浦沢直樹
MONSTER (全18冊)
ガイド
書誌
author | 浦沢直樹 |
publisher | 小学館 |
year | 1995-2002 |
price | 552+tax (18巻) |
isbn | 9-185278-5 (18巻) |
目次
1 | 本文 |
履歴
editor | 唯野 |
2002.3.? | 読了 |
2002.7.1 | 公開 |
2007.1.30 | 修正 |
2020.2.25 | 文字化け修正 |
かなり方々において話題となった作品。しかし、個人的には後半をほとんど細切れに読んでいたため(新刊が出るたびにその巻だけ読んでいたということ)、話のつながりがいまいち希薄で最後も「あー、終ったのね」という感じだった。多分、全体をまとめて読めばもっとおもしろかったろうと思うのだが(浦沢直樹の『オリジナル』掲載作品には外れがないので)、そういう意味ではちょっともったいない感じのした本だった。(実際、書店などだと 10 巻過ぎ辺りから人気に火が付いたらしいが、そのため私としては初めの方が印象に残っている。)
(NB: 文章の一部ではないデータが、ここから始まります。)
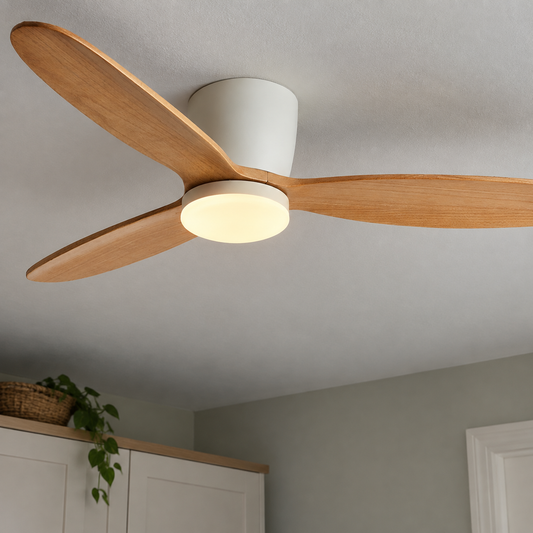 Small ceiling fan with an integrated light fitted to a bedroom ceiling above a wardrobe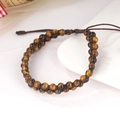 Dettaglio macro di perle in occhio di tigre a doppia fila su bracciale intrecciato regolabile - Occhio di Tigre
本当に恐ろしいものとは何なのか ? それは悪魔のような人間なのではなくて、身近な人間が簡単に悪魔的になりえるその瞬間、即ち我々自身の変貌の側面なのではないか――というのが、この本の投げかけるメッセージのひとつだと私は思う。そして、そういうことを伏線的に伝えていく、そのさりげなさが秀逸だ。いうまでもなく、この手のメッセージは直接的にいうよりも、距離を置いた方がホラーなどと冠される作品には似合っている。もっといえば、(既にどこかで書いたような気もするが)本当の恐怖は惨劇そのものよりも――惨劇を予感させる読み手の想像力の中でそれが具体的なビジョンにつながるとき――だからである。
まあ、時間があればまとめて読み返したいが、以前の巻が田舎のダンボールのどこに埋れているのか全く不明なので、実質的にしばらくは断念せざるを得なさそうである。なお、いうまでもなく私のお気に入りが、キーボードがあろうとなかろうと片手でカタカタと鳴らせられるルンゲ警部なのはいうまでもない。